__RECORDS TO PROCESS__:
***

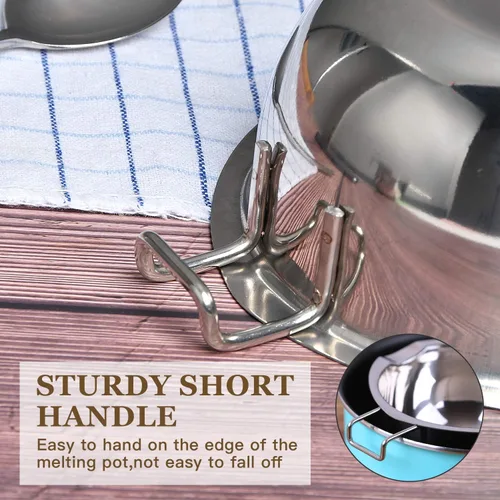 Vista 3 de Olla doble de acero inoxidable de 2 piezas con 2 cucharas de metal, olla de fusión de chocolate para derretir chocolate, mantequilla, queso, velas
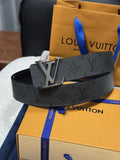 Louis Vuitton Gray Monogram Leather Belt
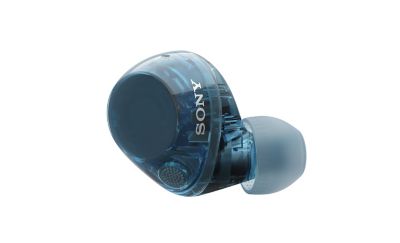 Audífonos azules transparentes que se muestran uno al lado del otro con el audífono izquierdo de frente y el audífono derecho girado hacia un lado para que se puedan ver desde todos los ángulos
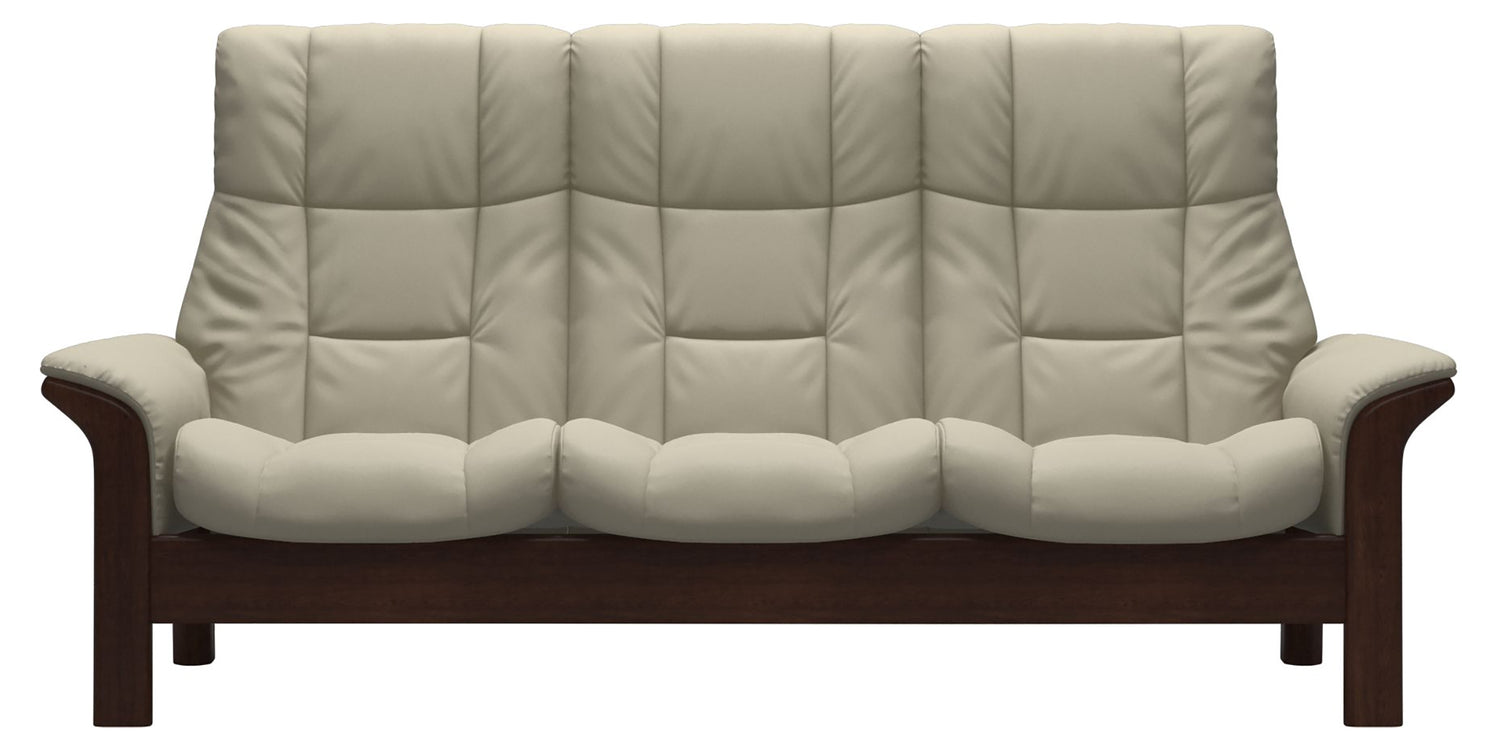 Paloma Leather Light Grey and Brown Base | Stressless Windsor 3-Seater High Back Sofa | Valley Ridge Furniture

***

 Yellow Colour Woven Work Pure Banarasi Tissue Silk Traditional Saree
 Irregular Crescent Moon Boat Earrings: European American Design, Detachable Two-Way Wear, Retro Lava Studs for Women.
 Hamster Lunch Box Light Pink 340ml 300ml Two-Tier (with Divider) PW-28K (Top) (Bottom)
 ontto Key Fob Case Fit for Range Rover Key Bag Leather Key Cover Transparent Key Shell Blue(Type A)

***

From the line holding "Yellow Colour Woven" to the line holding "ontto Key Fob", inclusive, restate each line above exactly as written.

 Yellow Colour Woven Work Pure Banarasi Tissue Silk Traditional Saree
 Irregular Crescent Moon Boat Earrings: European American Design, Detachable Two-Way Wear, Retro Lava Studs for Women.
 Hamster Lunch Box Light Pink 340ml 300ml Two-Tier (with Divider) PW-28K (Top) (Bottom)
 ontto Key Fob Case Fit for Range Rover Key Bag Leather Key Cover Transparent Key Shell Blue(Type A)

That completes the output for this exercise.